Before you even consider investing, you have to figure out why it went from $10 to $3.50. Then you have to figure out if whatever major problem they had was resolved. From a very quick look, they can't afford that dividend, so ignore that it's at 20% and assume they will slash it.


----------



## liquidfinance (Jan 28, 2011)

If the company operates like Just Energy then you probably shouldn't do any more research.

Sounds like a good way to lose money. 

They have already cut the payout by 30% this year.


----------



## gibor365 (Apr 1, 2011)

Just came across this stock .... diversified utility that operates in 20 US states and a bit in Australia, IMHO looks attractive, payout ratio is just 53%, profit increases, 4 times dividend increase this year(yield is 9+% now), no debt ... 
Any opinions?


----------



## Ben Tunite (Aug 30, 2016)

somewhat dated but interesting...

From: Oil and Gas Investments Bulletin
Sent: Wednesday, May 18, 2016 



UPDATE
CRIUS ENERGY TRUST
KWH.UN-TSX; CRIUF-PINK


Crius Energy Trust announced late yesterday that it was buying out all the private LLC holders, so that now 100% of the Trust will be in the public company.

Once this slightly unorthodox financing is done and voted on June 20 at the AGM, this should be very good news for the stock. Unless I’m missing something today, this will eliminate the slightly unorthodox corporate structure that Crius has today, which has been the Street’s Big Pushback on the stock for the last 6-12 months.

(Today, only 42% of the Trust is in the public’s hands. The other 56% remains with the friends and associates of CEO Michael Fallquist; the group who helped seed the company to get it started.)

The stock will be simple, and larger and more liquid, and I would see that creating a (fast) path to a 6.5% yield or 7-8 cash flow; in dollar terms—just over $11/share.

I don’t know what the stock will do short term, but within a couple months from now, this is what I expect to happen.

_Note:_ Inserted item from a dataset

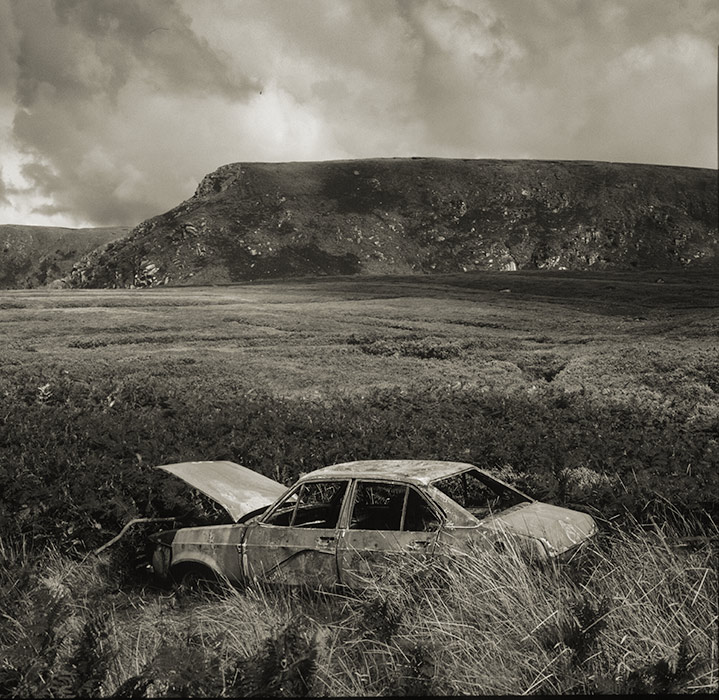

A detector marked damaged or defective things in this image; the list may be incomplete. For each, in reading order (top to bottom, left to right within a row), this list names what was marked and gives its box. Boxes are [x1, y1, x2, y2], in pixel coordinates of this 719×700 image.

rusted car [149, 456, 600, 588]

Fallquist grew up at the global financial firm Macquarie, doing many jobs on the financial derivatives side. That gave him the knowledge and contacts he needed to start Crius.

But coming from the finance side of the business, he understands the Market and he wants—like all CEOs should—the highest valuation possible for his stock.

Crius trades at roughly 4.5-5x cash flow, depending on the analyst you read. His main comparable, Just Energy (JE-TSX; JUSTF-PINK) trades at 8-9x.

Part of the reason for that is market driven—right after becoming public in late 2012, volatility in natural gas prices in winter 2013 force the company to raise prices for customers on spot contracts.

That caused customers to leave, and the business got a reputation as a high churn customer base.

Plus competitor Just Energy was getting some bad press around cold calling retail customers; and Crius’ valuation suffered from that as well.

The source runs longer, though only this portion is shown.